Now who’s ready for a pasta party?

Recipe ingredients

Labeled ingredients for one pot shrimp pasta primavera.

At a Glance: Here is a quick snapshot of what ingredients are in this recipe.
Please see the recipe card below for specific quantities.

Ingredient notes

  • Linguine: Or another long and sturdy pasta such as bucatini or pappardelle. (Thin, delicate styles like angel hair will easily get overwhelmed by the vegetables and shrimp.)
  • Shrimp: Choose fresh shrimp or thawed frozen shrimp that have been peeled and deveined. If your fishmonger doesn’t offer them already this way, here’s how to clean shrimp.
  • Red bell pepper: I adore the way the red pops against the green vegetables and tan pasta, but green, orange, or yellow bell pepper work just as well here.
  • Cream: Half and half or whole milk will also do, but I personally prefer the richness that only real, unadulterated cream can deliver.
  • Chicken broth: Use homemade chicken broth or your favorite store-bought brand. Since the pasta sauce is dressed up with Parmesan and cream, the results will be similar.

Step by step instructions

  1. In a large pot or Dutch oven, bring 3 quarts water to a boil. Add pasta. Cook until al dente, about 7 to 10 minutes, adding the shrimp, broccoli, peas, bell pepper, and carrots to the pot during the last 4 minutes of cooking time. Drain well.
Vegetables cooking in a pot.
  1. In the same pot, melt butter until foaming. Stir in garlic until fragrant, about 30 seconds. Add dill, onions, thyme, cream, broth, Parmesan, ½ teaspoon salt, and ½ teaspoon pepper.
Primavera sauce in a pot.
  1. Bring to boil, whisking constantly, then reduce heat to low and simmer 5 minutes. Add pasta, shrimp, and vegetables back to the pot and toss to combine.

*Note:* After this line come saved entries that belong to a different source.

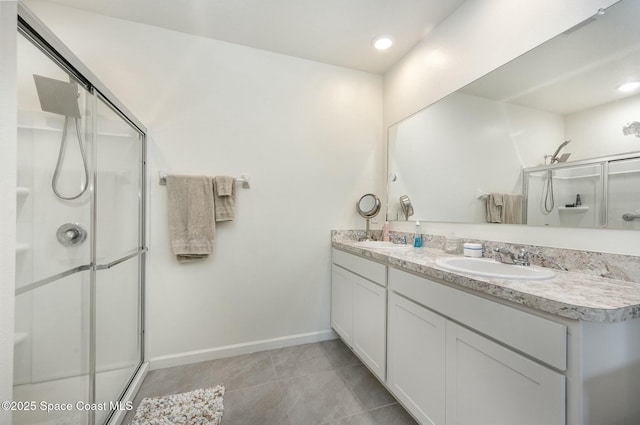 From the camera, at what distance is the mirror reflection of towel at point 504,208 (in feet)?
4.25

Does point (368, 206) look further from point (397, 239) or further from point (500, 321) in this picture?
point (500, 321)

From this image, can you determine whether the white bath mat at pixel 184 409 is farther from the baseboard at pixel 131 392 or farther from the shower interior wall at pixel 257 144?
the shower interior wall at pixel 257 144

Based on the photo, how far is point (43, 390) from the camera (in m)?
0.98

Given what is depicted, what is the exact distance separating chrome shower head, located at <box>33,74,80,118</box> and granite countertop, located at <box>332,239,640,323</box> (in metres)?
1.69

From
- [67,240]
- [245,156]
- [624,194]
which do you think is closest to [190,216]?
[245,156]

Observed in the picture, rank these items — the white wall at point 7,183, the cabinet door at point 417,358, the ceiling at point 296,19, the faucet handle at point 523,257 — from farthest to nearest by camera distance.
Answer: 1. the ceiling at point 296,19
2. the faucet handle at point 523,257
3. the cabinet door at point 417,358
4. the white wall at point 7,183

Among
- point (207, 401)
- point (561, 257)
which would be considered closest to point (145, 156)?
point (207, 401)

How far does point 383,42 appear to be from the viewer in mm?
1898

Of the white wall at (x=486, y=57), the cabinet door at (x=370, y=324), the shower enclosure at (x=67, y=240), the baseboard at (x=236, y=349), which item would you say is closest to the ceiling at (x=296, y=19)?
the white wall at (x=486, y=57)

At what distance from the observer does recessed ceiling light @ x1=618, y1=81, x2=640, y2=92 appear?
0.91 metres

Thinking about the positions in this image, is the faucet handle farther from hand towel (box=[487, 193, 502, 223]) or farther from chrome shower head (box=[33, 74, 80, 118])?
chrome shower head (box=[33, 74, 80, 118])

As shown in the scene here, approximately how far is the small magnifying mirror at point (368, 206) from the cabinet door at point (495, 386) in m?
1.29

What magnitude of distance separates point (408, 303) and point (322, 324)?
3.80 ft

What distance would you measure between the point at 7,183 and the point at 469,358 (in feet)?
4.93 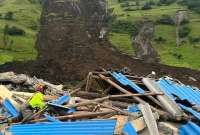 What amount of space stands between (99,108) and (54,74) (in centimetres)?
2991

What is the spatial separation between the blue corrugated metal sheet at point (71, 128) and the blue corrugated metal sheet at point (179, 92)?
390cm

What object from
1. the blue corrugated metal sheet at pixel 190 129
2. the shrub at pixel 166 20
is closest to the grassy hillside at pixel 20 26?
the shrub at pixel 166 20

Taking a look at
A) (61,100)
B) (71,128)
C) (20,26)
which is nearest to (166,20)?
(20,26)

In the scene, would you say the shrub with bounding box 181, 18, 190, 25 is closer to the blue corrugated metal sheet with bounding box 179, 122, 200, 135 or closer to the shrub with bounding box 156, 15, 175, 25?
the shrub with bounding box 156, 15, 175, 25

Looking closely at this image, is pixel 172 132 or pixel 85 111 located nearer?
pixel 172 132

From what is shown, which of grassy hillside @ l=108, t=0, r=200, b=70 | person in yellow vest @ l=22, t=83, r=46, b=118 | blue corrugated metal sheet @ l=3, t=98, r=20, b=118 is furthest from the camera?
grassy hillside @ l=108, t=0, r=200, b=70

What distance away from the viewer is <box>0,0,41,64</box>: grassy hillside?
57.4m

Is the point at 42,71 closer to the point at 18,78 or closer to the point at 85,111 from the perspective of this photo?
the point at 18,78

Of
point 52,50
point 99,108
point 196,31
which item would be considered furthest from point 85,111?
point 196,31

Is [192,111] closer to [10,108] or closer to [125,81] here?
[125,81]

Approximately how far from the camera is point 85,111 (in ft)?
57.8

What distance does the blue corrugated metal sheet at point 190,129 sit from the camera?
1512 cm

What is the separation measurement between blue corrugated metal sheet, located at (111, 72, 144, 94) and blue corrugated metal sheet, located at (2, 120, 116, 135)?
11.7 feet

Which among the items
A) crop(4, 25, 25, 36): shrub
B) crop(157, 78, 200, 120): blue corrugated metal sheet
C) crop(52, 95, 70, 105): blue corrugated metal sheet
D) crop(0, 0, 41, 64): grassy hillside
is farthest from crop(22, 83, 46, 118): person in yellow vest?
crop(4, 25, 25, 36): shrub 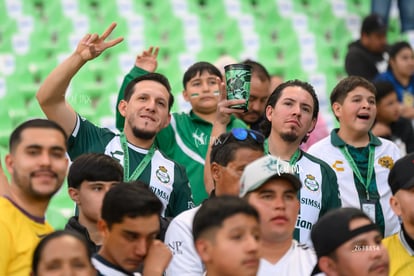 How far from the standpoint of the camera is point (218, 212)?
4090 mm

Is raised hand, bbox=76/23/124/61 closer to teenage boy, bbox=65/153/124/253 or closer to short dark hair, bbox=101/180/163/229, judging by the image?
teenage boy, bbox=65/153/124/253

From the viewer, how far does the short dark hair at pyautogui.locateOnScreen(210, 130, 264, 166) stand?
506cm

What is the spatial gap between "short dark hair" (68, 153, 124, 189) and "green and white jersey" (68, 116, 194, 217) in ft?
2.25

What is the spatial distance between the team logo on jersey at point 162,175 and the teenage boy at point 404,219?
1350 millimetres

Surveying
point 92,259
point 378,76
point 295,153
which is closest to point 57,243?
point 92,259

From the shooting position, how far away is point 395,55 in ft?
29.8

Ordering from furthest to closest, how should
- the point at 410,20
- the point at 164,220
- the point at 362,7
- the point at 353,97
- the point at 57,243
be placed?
1. the point at 362,7
2. the point at 410,20
3. the point at 353,97
4. the point at 164,220
5. the point at 57,243

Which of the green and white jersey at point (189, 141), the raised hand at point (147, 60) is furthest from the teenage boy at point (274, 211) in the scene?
the raised hand at point (147, 60)

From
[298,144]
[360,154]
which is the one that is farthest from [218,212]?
[360,154]

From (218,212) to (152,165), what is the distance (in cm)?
178

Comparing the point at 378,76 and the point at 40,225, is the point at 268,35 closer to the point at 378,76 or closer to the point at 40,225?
the point at 378,76

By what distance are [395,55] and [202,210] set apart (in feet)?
17.5

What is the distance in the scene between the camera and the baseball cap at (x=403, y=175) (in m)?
5.07

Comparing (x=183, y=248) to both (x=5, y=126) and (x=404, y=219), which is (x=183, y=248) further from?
(x=5, y=126) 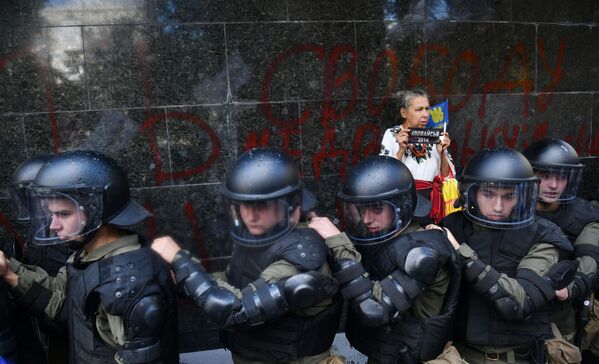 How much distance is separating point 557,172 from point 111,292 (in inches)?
119

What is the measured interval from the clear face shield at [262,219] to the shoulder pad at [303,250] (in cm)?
6

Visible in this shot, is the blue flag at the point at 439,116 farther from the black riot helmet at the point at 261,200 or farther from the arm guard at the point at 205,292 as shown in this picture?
the arm guard at the point at 205,292

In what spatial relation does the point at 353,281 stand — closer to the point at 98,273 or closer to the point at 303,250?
the point at 303,250

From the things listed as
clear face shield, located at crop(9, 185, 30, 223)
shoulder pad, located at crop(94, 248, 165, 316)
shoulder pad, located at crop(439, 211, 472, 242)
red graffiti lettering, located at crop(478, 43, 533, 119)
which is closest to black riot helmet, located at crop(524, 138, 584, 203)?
shoulder pad, located at crop(439, 211, 472, 242)

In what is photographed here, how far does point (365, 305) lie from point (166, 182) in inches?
119

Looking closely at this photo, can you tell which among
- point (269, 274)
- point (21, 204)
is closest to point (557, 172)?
point (269, 274)

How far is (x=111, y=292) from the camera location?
6.89 feet

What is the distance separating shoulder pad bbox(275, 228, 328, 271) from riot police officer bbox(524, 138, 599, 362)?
181cm

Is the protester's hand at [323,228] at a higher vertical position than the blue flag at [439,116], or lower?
lower

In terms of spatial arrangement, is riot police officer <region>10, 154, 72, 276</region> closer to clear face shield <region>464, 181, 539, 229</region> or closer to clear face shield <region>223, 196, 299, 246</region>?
clear face shield <region>223, 196, 299, 246</region>

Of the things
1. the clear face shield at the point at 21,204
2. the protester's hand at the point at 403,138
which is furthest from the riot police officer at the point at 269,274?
the protester's hand at the point at 403,138

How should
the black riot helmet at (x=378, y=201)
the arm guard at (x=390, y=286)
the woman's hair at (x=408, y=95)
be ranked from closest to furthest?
the arm guard at (x=390, y=286) < the black riot helmet at (x=378, y=201) < the woman's hair at (x=408, y=95)

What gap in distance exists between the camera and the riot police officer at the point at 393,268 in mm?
2340

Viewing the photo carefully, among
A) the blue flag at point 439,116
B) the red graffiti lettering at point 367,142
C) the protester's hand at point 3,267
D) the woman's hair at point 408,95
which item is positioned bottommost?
the protester's hand at point 3,267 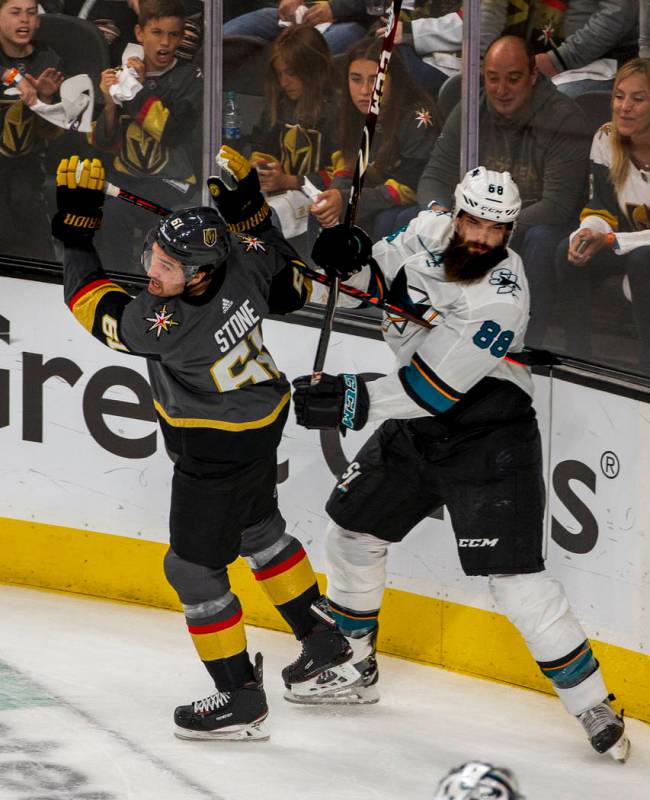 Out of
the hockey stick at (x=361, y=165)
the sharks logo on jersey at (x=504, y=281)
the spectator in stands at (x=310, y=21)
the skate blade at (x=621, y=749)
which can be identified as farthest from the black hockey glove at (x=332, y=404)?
the spectator in stands at (x=310, y=21)

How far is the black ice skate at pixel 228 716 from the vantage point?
3.51 m

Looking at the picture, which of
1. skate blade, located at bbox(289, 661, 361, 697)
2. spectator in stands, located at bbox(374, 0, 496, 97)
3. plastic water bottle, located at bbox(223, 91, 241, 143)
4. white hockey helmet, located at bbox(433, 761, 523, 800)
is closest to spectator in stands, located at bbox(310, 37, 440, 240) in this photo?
spectator in stands, located at bbox(374, 0, 496, 97)

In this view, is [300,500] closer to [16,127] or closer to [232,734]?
[232,734]

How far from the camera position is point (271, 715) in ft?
12.3

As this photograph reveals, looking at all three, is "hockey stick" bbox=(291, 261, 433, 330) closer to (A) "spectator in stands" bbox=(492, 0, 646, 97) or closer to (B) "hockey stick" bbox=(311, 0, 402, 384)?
(B) "hockey stick" bbox=(311, 0, 402, 384)

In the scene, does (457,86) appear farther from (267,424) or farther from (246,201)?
(267,424)

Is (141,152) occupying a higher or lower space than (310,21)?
lower

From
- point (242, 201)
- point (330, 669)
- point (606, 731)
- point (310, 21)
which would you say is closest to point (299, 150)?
point (310, 21)

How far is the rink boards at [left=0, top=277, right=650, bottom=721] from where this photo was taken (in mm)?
3744

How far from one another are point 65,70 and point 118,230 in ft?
1.70

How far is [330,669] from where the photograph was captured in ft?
12.5

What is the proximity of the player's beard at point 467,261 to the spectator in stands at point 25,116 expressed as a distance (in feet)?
5.59

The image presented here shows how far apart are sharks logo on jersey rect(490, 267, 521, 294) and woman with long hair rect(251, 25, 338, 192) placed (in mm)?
1137

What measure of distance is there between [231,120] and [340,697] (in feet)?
5.60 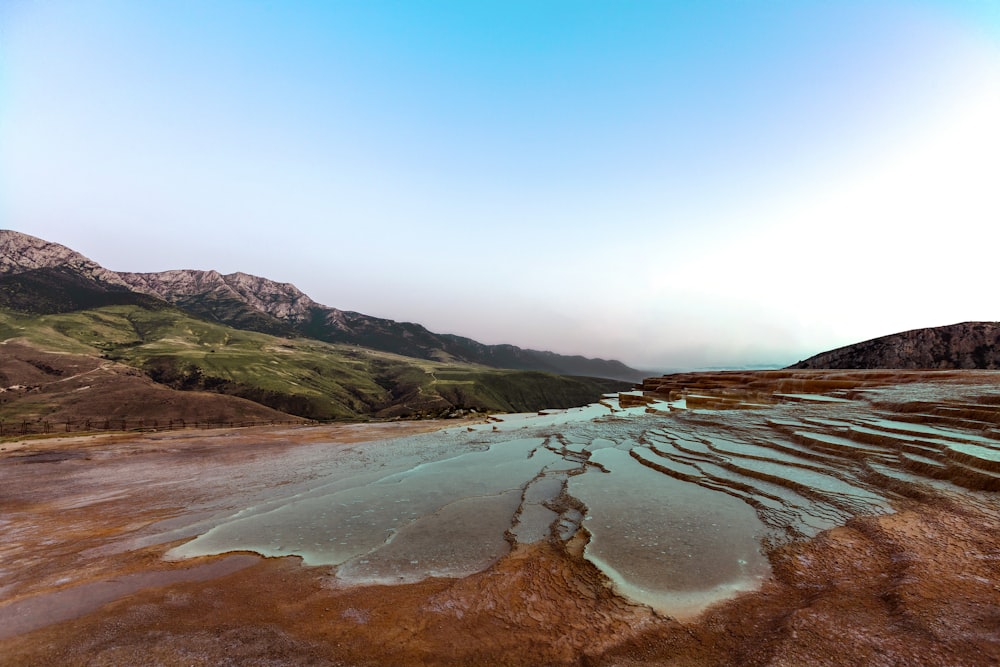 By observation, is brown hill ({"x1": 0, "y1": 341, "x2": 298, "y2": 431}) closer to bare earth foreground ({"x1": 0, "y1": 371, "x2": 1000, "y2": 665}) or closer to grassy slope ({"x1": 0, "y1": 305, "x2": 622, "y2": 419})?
grassy slope ({"x1": 0, "y1": 305, "x2": 622, "y2": 419})

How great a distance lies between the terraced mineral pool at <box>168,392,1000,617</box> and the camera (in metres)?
8.31

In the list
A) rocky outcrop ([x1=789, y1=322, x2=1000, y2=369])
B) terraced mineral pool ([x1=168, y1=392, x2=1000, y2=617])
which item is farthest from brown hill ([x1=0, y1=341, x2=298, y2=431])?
rocky outcrop ([x1=789, y1=322, x2=1000, y2=369])

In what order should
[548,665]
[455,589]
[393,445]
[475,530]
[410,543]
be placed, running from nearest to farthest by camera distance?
1. [548,665]
2. [455,589]
3. [410,543]
4. [475,530]
5. [393,445]

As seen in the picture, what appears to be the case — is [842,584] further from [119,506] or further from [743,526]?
[119,506]

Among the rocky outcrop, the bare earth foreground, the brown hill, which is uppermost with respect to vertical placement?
the rocky outcrop

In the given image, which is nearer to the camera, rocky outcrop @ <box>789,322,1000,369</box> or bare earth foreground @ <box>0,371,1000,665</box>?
bare earth foreground @ <box>0,371,1000,665</box>

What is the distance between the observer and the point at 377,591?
7.36m

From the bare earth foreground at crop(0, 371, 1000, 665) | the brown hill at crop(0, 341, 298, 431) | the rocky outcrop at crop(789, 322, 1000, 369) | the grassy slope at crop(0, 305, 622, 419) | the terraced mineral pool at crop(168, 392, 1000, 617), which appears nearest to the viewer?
the bare earth foreground at crop(0, 371, 1000, 665)

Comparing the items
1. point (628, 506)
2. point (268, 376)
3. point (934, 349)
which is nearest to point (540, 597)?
point (628, 506)

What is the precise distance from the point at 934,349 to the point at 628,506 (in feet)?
257

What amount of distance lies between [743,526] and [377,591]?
942cm

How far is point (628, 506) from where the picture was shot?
11.8 meters

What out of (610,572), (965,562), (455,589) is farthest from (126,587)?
(965,562)

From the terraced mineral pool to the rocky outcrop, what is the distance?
5811cm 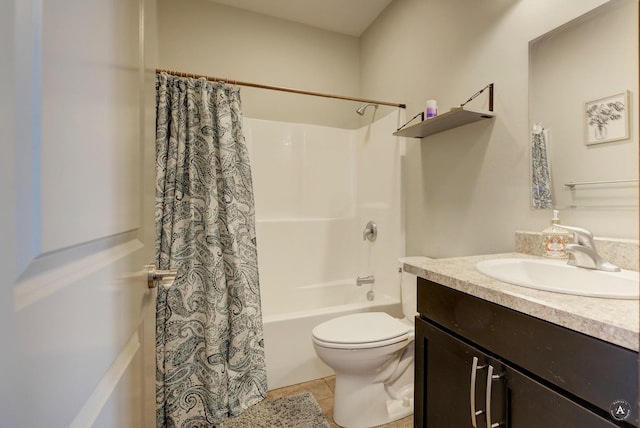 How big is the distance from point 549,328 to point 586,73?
977 mm

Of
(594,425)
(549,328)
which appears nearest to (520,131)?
(549,328)

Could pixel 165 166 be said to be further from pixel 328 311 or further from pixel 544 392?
pixel 544 392

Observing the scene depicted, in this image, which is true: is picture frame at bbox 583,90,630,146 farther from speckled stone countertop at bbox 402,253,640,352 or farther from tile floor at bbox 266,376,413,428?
tile floor at bbox 266,376,413,428

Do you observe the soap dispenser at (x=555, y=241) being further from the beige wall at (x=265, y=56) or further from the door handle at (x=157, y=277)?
the beige wall at (x=265, y=56)

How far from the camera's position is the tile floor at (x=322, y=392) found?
149 cm

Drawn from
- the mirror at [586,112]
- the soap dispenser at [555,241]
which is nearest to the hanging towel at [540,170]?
the mirror at [586,112]

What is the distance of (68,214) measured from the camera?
32 centimetres

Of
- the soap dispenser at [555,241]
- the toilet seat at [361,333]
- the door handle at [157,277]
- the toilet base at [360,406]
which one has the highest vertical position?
the soap dispenser at [555,241]

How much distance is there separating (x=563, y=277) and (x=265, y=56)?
8.08ft

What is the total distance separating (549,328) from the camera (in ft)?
2.06

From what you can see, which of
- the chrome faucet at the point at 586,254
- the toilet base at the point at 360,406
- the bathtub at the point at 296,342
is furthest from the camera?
the bathtub at the point at 296,342

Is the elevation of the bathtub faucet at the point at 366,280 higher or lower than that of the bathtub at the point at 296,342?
higher

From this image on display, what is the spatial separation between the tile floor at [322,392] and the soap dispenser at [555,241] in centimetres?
108

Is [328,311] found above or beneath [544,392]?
beneath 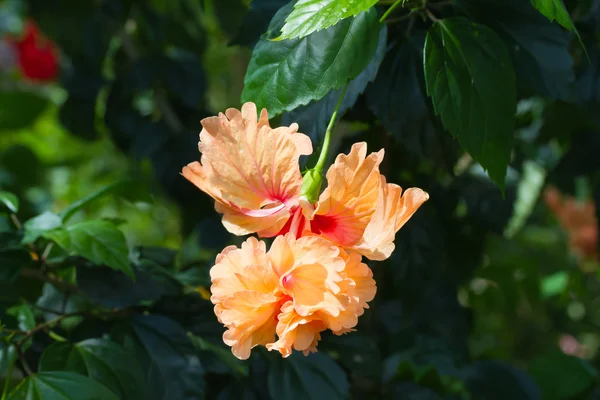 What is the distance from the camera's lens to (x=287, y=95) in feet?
1.80

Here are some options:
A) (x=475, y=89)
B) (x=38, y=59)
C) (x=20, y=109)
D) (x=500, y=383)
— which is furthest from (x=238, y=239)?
(x=38, y=59)

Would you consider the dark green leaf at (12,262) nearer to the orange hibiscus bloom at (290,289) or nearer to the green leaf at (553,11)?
the orange hibiscus bloom at (290,289)

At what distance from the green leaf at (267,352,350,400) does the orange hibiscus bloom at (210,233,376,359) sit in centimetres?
25

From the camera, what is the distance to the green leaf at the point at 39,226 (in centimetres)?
69

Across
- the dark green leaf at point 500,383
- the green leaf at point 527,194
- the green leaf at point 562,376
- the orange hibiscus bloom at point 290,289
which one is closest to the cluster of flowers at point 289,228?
the orange hibiscus bloom at point 290,289

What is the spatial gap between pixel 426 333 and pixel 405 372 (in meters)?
0.15

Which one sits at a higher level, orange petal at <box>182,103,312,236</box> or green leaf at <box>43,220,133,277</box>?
orange petal at <box>182,103,312,236</box>

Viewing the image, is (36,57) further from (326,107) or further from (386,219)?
(386,219)

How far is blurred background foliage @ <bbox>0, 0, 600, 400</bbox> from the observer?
667 mm

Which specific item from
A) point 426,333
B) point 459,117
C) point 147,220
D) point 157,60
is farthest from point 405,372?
point 147,220

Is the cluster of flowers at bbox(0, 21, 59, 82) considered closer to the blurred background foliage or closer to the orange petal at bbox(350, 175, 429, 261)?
the blurred background foliage

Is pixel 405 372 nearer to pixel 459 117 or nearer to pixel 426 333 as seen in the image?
pixel 426 333

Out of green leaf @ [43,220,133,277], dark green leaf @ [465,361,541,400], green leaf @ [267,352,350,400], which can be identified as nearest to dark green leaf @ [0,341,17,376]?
green leaf @ [43,220,133,277]

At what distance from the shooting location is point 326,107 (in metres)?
0.63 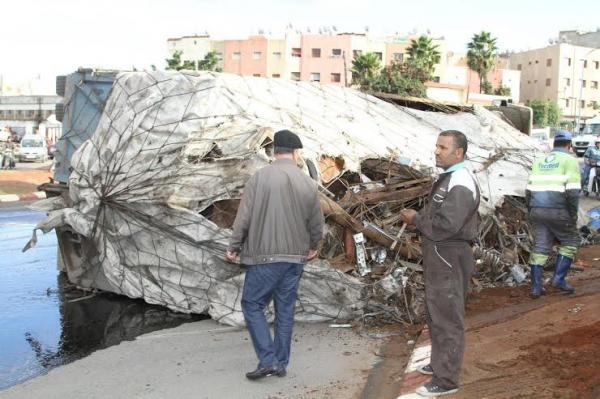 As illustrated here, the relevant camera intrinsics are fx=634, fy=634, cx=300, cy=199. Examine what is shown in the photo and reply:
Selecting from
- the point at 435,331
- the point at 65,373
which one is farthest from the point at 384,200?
the point at 65,373

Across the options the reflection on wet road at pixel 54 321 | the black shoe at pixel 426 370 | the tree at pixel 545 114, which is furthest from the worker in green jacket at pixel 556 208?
the tree at pixel 545 114

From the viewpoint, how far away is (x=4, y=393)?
14.9 ft

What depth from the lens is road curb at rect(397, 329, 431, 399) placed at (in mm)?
4130

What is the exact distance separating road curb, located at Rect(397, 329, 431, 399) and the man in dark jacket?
0.13 m

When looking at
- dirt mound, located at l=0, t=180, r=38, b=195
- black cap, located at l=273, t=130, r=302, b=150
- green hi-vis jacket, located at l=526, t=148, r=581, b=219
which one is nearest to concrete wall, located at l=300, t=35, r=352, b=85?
dirt mound, located at l=0, t=180, r=38, b=195

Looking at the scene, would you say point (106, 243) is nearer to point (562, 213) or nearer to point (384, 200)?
point (384, 200)

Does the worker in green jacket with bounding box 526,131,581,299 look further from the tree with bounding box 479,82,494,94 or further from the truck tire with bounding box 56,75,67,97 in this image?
the tree with bounding box 479,82,494,94

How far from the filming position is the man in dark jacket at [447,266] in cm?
394

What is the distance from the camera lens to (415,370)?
14.8 ft

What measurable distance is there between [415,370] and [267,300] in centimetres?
116

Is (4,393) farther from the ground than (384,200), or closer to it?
closer to it

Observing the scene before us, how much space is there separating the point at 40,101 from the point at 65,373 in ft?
187

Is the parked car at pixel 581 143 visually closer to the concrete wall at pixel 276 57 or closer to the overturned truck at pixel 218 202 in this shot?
the overturned truck at pixel 218 202

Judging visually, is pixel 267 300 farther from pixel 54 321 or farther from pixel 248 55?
pixel 248 55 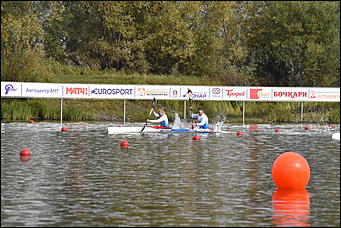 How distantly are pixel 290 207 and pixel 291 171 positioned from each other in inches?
82.1

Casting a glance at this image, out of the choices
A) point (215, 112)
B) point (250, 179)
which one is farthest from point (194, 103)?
point (250, 179)

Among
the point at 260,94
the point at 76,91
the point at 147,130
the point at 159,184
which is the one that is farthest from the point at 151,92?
the point at 159,184

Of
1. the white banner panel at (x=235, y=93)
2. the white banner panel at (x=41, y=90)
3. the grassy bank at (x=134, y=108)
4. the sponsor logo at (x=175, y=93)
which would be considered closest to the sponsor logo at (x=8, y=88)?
the white banner panel at (x=41, y=90)

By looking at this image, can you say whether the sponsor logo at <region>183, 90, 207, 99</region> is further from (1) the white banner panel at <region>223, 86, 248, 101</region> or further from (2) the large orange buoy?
(2) the large orange buoy

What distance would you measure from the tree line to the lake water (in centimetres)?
3452

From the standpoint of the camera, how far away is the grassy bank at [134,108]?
171ft

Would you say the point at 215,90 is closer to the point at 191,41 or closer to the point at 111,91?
the point at 111,91

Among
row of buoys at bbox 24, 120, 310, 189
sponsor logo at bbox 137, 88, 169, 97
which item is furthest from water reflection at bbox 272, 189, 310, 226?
sponsor logo at bbox 137, 88, 169, 97

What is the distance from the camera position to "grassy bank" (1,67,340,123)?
52.0m

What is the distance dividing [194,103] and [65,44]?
20.3 meters

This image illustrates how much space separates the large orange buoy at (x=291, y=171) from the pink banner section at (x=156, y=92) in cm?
3092

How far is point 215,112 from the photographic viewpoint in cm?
5594

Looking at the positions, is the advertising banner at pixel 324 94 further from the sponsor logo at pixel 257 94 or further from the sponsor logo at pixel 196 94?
the sponsor logo at pixel 196 94

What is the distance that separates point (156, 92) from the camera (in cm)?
5050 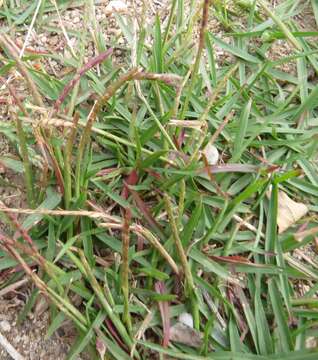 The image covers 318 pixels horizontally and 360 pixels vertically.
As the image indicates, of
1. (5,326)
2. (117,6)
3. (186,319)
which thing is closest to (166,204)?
(186,319)

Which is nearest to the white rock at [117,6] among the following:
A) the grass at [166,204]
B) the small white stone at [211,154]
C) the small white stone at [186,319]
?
the grass at [166,204]

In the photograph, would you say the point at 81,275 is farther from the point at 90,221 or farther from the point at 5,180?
the point at 5,180

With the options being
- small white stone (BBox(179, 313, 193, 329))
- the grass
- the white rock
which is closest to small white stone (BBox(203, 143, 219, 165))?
the grass

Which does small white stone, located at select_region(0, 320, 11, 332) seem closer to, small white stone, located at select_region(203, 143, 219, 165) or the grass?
the grass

Serve immediately, passing more Parmesan at the table for garnish.
A pot of Shrimp Pasta Primavera.

Recipe tips and variations

  • Yield: This shrimp pasta recipe makes six servings, heavy on the shrimp and vegetables and light on the pasta. Pair with a basket of breadsticks or warm slices of No-Knead Bread to round out the meal (and soak up all of the sauce).
  • Storage: Store leftovers covered in the refrigerator for up to 4 days.
  • To go: Transfer this pasta to the insert of a 9×13-inch crockpot and then tote it with you to your family gathering. Bonus, you won’t have to ask your host to keep it warm!
  • More pasta dinners: Also try Rigatoni with Sausage, Cheese Tortellini in Garlic Butter Sauce, or Sausage Tortellini Soup for easy weeknight meals ready in 30 minutes or less.
2 plates of Shrimp Pasta Primavera.

Recipe FAQs

What if I don’t have (or don’t love) shrimp?

Try this same easy pasta recipe with a can of drained and rinsed white beans or leftover or rotisserie chicken (diced or shredded).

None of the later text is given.